Ce n’est pas la première fois que le jeune chef originaire du New Jersey se frotte à la cuisine française. Après s’être formé à “la cuisine italienne white trash” avec “spaghettis- boulettes de viande-sauce tomate” et un passage par l’école culinaire, il entre en 1994 chez Daniel, le restaurant de Daniel Boulud. Là, il côtoie des stars en devenir comme le chef pâtissier François Payard et l’Américian Mike Anthony. “Daniel venait d’ouvrir. La cuisine débordait de talents. Les opportunités d’apprendre étaient sans limites“, se souvient-il.
Il apporte la “discipline” et la “précision” apprises à l’école Boulud dans les autres restaurants où il part travailler: un an chez Jean-Georges, plusieurs expériences de commis en France chez Taillevent et l’Arpège notamment, puis comme chef exécutif du fameux restaurant français Montrachet à New York… Après cette dernière expérience, où le jeune homme de 27 ans se fait remarquer par la critique, il décide d’abandonner la cuisine française. “Le marché se réduisait dans les hautes sphères de la cuisine. Gordon Ramsay et Alain Ducasse étaient venus à New York et avaient souffert. Ils se battaient tous pour la même clientèle“.
Pari gagnant: il décroche une étoile au Michelin au côté du chef Wayne Nish chez March en servant de la nourriture américaine sophistiquée. En 2008, il ouvre son premier restaurant, Commerce, et en 2016, il inaugure Harold’s Meat + Three, une adresse connue des amateurs de plats du sud des Etats-Unis.
Avec Pierre Lapin, le francophile fait son retour dans l’univers de la cuisine française. “Les bistrots décontractés manquent à New York. Ils sont tous influencés par le modèle de Balthazar (le restaurant de Keith McNally, vu comme la référence des bistrots français à New York). Or cela n’a rien à voir avec les bistrots traditionnels. On ne voulait pas d’un lieu avec du carrelage au mur et des banquettes de cuir“, justifie-t-il. Pour accentuer le côté traditionnel, le couple a recouvert les murs d’un papier peint fleuri qui évoque “la maison de grand-mère” et rempli le restaurants d’objets trouvés sur les marchés aux puces en France.

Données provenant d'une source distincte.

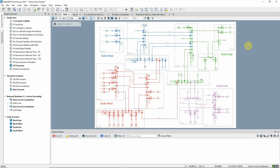This video demonstrates the automatic calculation of distance reach settings using the Protection Coordination Assistant. Study Case 07 protection should be activated. This transmission network has a system voltage of 400 kV and every line is protected by two distance protection devices.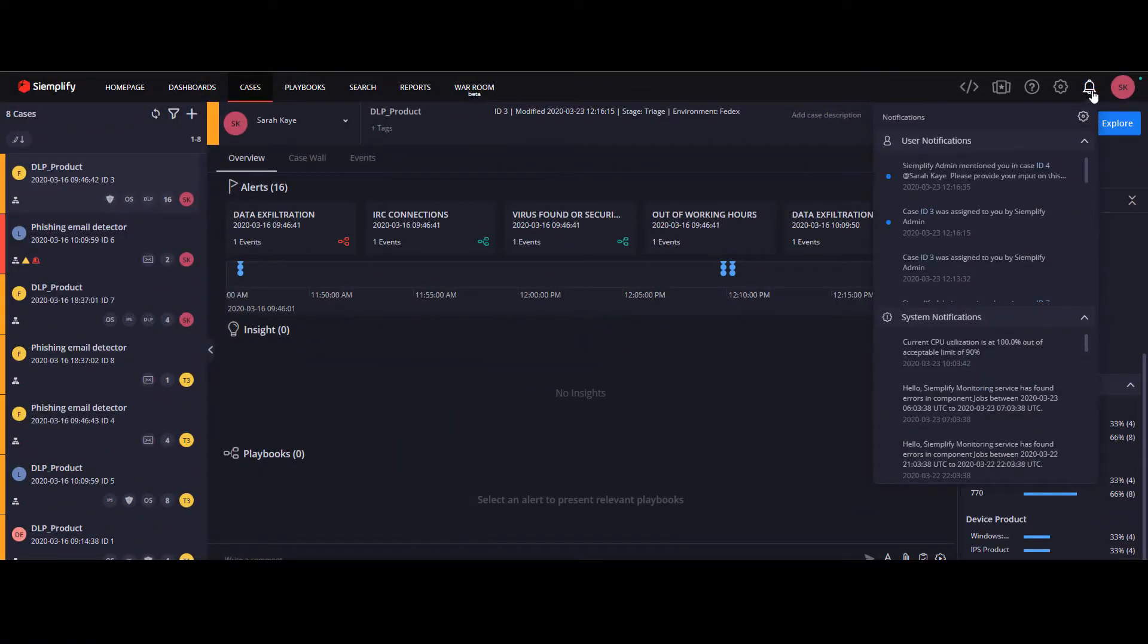When you open the notifications list, all the new notifications will be marked with a blue dot.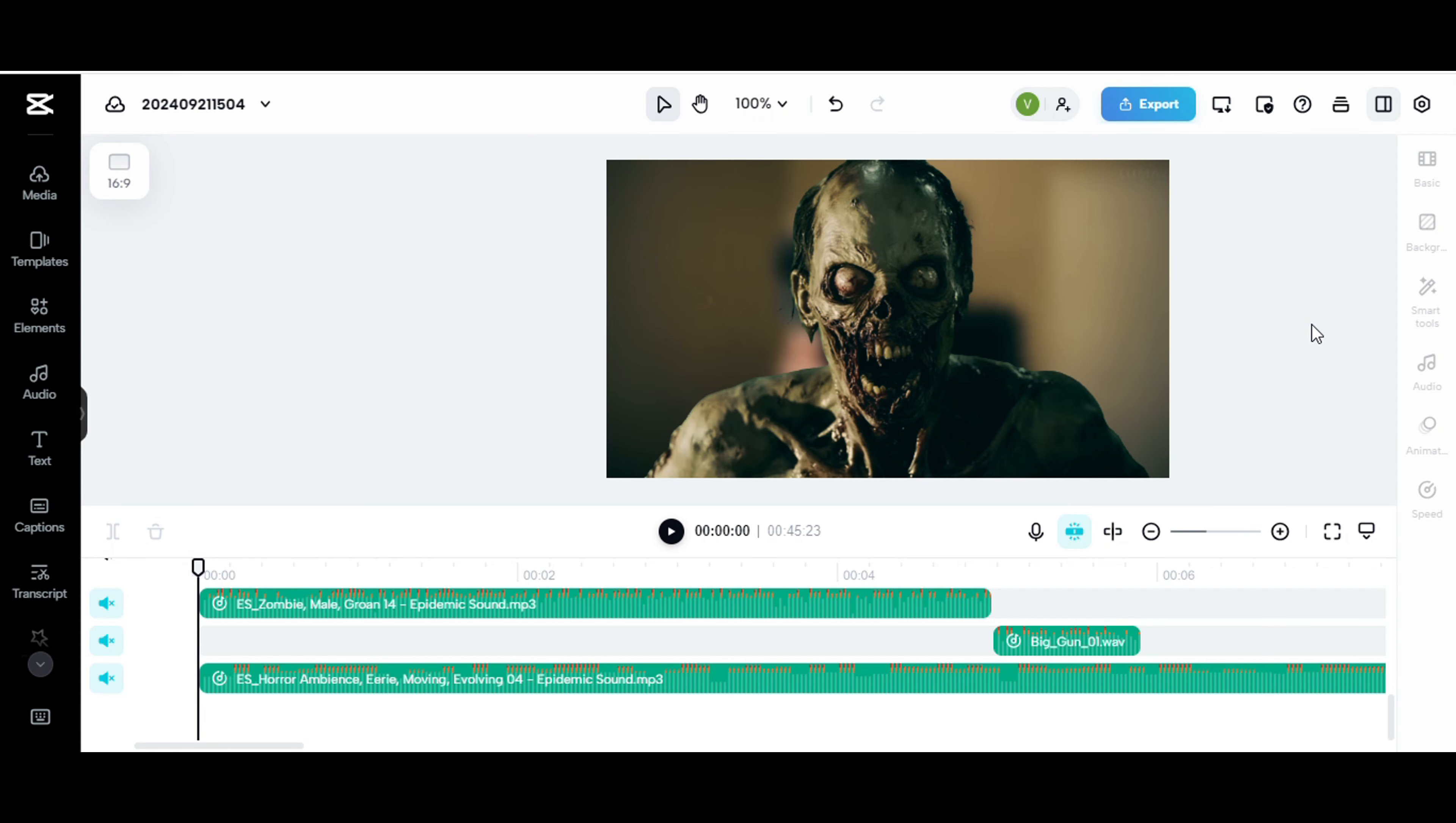I'm going to show you how to easily put zombies into your videos. Whether it's a YouTube video, short films, feature films, whatever. So let's just jump right into it.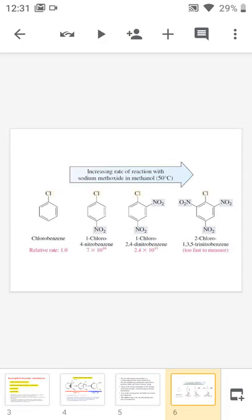As the number of electron withdrawing groups increases, the rate of the addition-elimination SNAr reaction also increases. For chlorobenzene the rate is only one. If a nitro group is substituted para to the chlorine, the rate increases to 7 × 10¹⁰. Adding another nitro group in the ortho position increases the rate further. Adding three nitro groups in the ortho and para positions increases the rate again. So as electron withdrawing groups increase on chlorobenzene, the addition-elimination reaction rate also increases.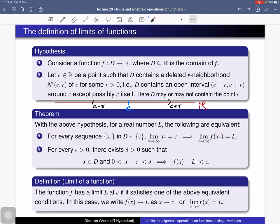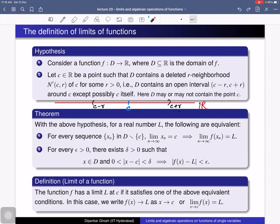The second condition states that for every positive real number epsilon, there exists a positive real number delta such that for all points of d which lie in the deleted delta-neighborhood, the function value f(x) lies in the epsilon-neighborhood of l. We proved in the previous lecture that these two conditions are equivalent. The function f has a limit l at c if it satisfies one of these conditions, and we write f(x) → l as x → c, or equivalently, limit as x tends to c of f(x) equals l.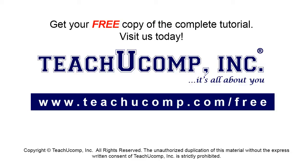Get your free copy of the complete tutorial at www.teachucomp.com/free.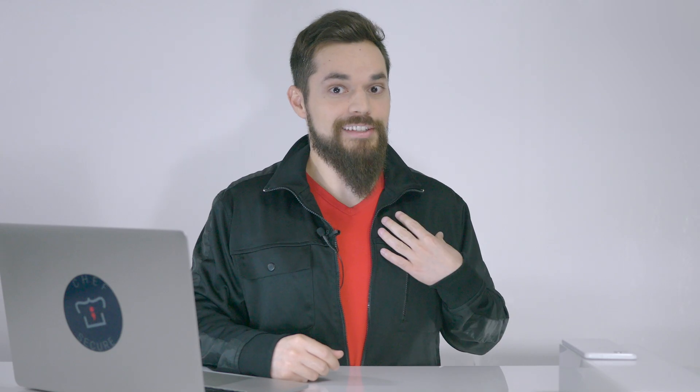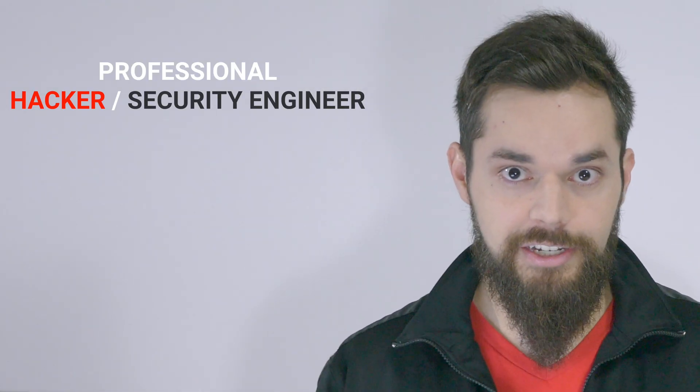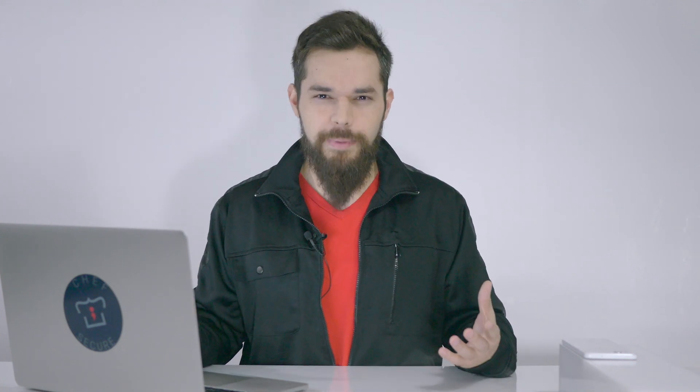I'm Jesse from Chef Secure, and I have almost a decade of experience working as either a professional hacker slash security engineer and as a full stack software engineer, which means I've seen a lot of really bad insecure code. I wrote some of it. But we're here to focus on you and your goals, not what I've done.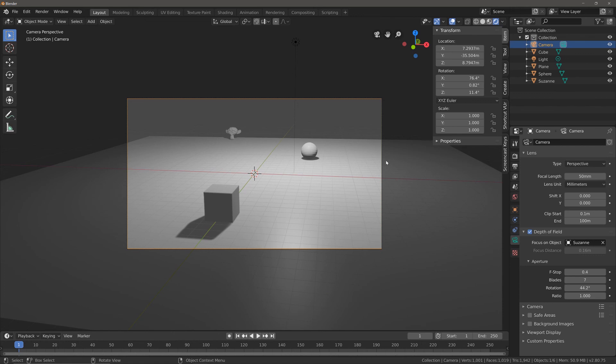So that's it on how to enable the depth of field when using the Eevee render engine. Thanks guys and I hope to see you in our next video.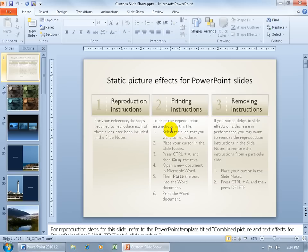The Custom Slideshow feature allows you to create a custom show based upon any of the slides in the presentation you're currently working on. The benefit is that if you've got a lot of groups you're giving the presentation to — let's say for the sake of argument you've got three groups: Beginning, Intermediate, and Advanced.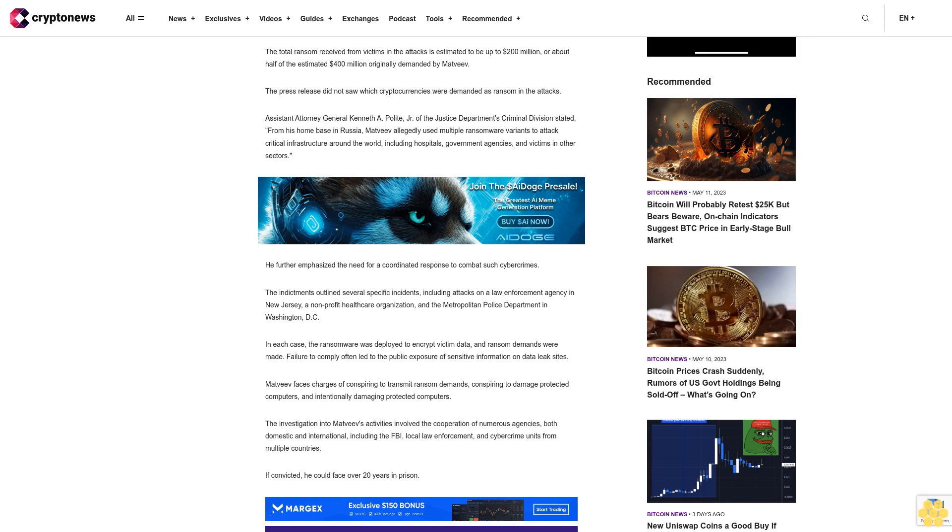The investigation into Madhviv's activities involved the cooperation of numerous agencies, both domestic and international, including the FBI, local law enforcement, and cybercrime units from multiple countries.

Sur des miroirs derrière le bar, sont griffonnés les plats du jour: “oreilles de cochon”, “cuisses de grenouille”, “rognons de veau à la moutarde” ou encore “poitrine de canard à la cerise”. “Il y a des clients qui pensent que ça va être bizarre, admet Julia Grossman, mais quand ils se rendent compte que la qualité est au rendez-vous, ils sont rassurés“.